Not really liking that second realization, I set out to write my own initialization code. I wanted something independent of any project, that I could package up on NuGet and just include, with a few configuration lines, into any project. Hence the Our.Umbraco.Migration package was born. As I used it in the project, I developed a few common base classes to help with the migrations. There are resolvers for extensibility, and common migration helpers to facilitate data alterations. The configuration is a few lines at the bottom of the web.config file. Let me show you how to use this.

NOTE: I'm assuming the reader is familiar with the Umbraco Migration framework. If you need a primer, or a refresher, I suggest stopping for a moment and reading this excellent article on Cultiv or this one here on Skrift. There is also the official Umbraco API Documentation, though these classes don't have much in the way of comments or examples.

ACME Toys Upgrade

In our example, Acme Toys is upgrading their main content site from Umbraco 6 to 7. They have two main problems with this upgrade. Their htmlContent document type has an old media picker property called "banner" that they want switched to the newer v7 media picker.

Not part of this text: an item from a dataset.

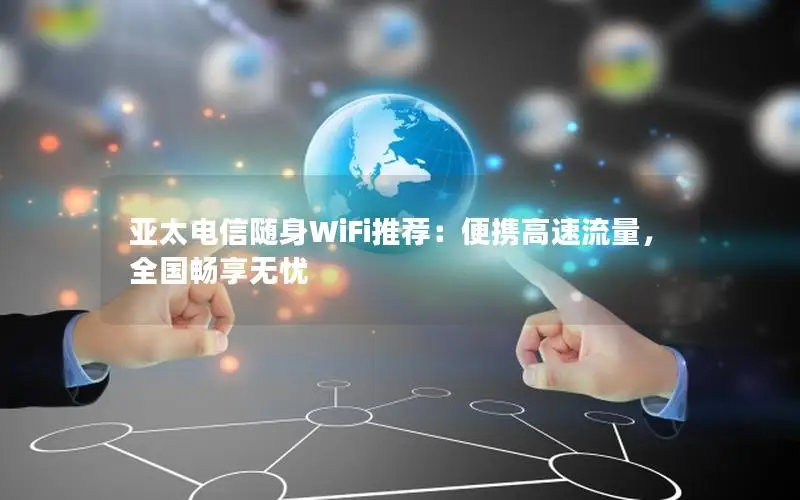 亚太电信随身WiFi推荐：便携高速流量，全国畅享无忧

The old media picker stored data as node IDs, which the new picker uses UDIs. Additionally, their homePage type has a set of 40 properties representing featured items to display on the home page. They are a repeating set of 4 properties ending in a number from 1-10. They want these combined into a single nested content property called featuredItems. You quickly make the document changes, but now the task of moving the data is at hand. With 15 home pages for different languages, and hundreds of content pages, migrating the data seems like a daunting task. Where to start?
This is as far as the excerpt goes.